(Data excerpts Opens)

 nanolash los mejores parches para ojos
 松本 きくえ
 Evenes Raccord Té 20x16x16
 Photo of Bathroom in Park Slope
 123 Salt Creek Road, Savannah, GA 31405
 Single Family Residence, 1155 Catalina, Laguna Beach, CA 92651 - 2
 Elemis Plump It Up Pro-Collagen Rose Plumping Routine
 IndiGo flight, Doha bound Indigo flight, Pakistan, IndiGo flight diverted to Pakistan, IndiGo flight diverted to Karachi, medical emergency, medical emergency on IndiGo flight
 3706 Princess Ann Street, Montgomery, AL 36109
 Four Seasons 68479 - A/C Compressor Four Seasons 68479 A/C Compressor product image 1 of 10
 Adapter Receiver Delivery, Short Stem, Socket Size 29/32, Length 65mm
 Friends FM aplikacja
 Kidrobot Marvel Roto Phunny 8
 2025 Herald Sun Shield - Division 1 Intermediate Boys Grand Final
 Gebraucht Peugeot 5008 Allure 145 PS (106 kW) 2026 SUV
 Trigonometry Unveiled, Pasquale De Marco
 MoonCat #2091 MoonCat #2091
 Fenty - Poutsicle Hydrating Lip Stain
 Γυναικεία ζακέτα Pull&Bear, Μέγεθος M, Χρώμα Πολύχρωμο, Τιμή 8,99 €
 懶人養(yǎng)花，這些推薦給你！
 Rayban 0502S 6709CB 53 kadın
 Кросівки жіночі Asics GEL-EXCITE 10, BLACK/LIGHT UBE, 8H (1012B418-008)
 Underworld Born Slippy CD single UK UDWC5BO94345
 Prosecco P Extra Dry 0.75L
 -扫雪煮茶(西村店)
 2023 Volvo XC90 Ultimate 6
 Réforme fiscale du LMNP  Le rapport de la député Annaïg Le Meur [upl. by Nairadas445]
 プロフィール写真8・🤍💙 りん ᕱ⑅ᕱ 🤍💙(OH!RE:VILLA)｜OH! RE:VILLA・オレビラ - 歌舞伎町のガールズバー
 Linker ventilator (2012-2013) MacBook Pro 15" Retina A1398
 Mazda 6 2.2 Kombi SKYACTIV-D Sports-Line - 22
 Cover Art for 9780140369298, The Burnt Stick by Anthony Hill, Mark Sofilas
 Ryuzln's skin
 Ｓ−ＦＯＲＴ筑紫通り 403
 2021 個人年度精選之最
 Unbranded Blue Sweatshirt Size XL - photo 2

(Data excerpts Closes)

#### [Requirement]
Please quote every record above exactly as it appears.

#### [Solution to the problem]
 nanolash los mejores parches para ojos
 松本 きくえ
 Evenes Raccord Té 20x16x16
 Photo of Bathroom in Park Slope
 123 Salt Creek Road, Savannah, GA 31405
 Single Family Residence, 1155 Catalina, Laguna Beach, CA 92651 - 2
 Elemis Plump It Up Pro-Collagen Rose Plumping Routine
 IndiGo flight, Doha bound Indigo flight, Pakistan, IndiGo flight diverted to Pakistan, IndiGo flight diverted to Karachi, medical emergency, medical emergency on IndiGo flight
 3706 Princess Ann Street, Montgomery, AL 36109
 Four Seasons 68479 - A/C Compressor Four Seasons 68479 A/C Compressor product image 1 of 10
 Adapter Receiver Delivery, Short Stem, Socket Size 29/32, Length 65mm
 Friends FM aplikacja
 Kidrobot Marvel Roto Phunny 8
 2025 Herald Sun Shield - Division 1 Intermediate Boys Grand Final
 Gebraucht Peugeot 5008 Allure 145 PS (106 kW) 2026 SUV
 Trigonometry Unveiled, Pasquale De Marco
 MoonCat #2091 MoonCat #2091
 Fenty - Poutsicle Hydrating Lip Stain
 Γυναικεία ζακέτα Pull&Bear, Μέγεθος M, Χρώμα Πολύχρωμο, Τιμή 8,99 €
 懶人養(yǎng)花，這些推薦給你！
 Rayban 0502S 6709CB 53 kadın
 Кросівки жіночі Asics GEL-EXCITE 10, BLACK/LIGHT UBE, 8H (1012B418-008)
 Underworld Born Slippy CD single UK UDWC5BO94345
 Prosecco P Extra Dry 0.75L
 -扫雪煮茶(西村店)
 2023 Volvo XC90 Ultimate 6
 Réforme fiscale du LMNP  Le rapport de la député Annaïg Le Meur [upl. by Nairadas445]
 プロフィール写真8・🤍💙 りん ᕱ⑅ᕱ 🤍💙(OH!RE:VILLA)｜OH! RE:VILLA・オレビラ - 歌舞伎町のガールズバー
 Linker ventilator (2012-2013) MacBook Pro 15" Retina A1398
 Mazda 6 2.2 Kombi SKYACTIV-D Sports-Line - 22
 Cover Art for 9780140369298, The Burnt Stick by Anthony Hill, Mark Sofilas
 Ryuzln's skin
 Ｓ−ＦＯＲＴ筑紫通り 403
 2021 個人年度精選之最
 Unbranded Blue Sweatshirt Size XL - photo 2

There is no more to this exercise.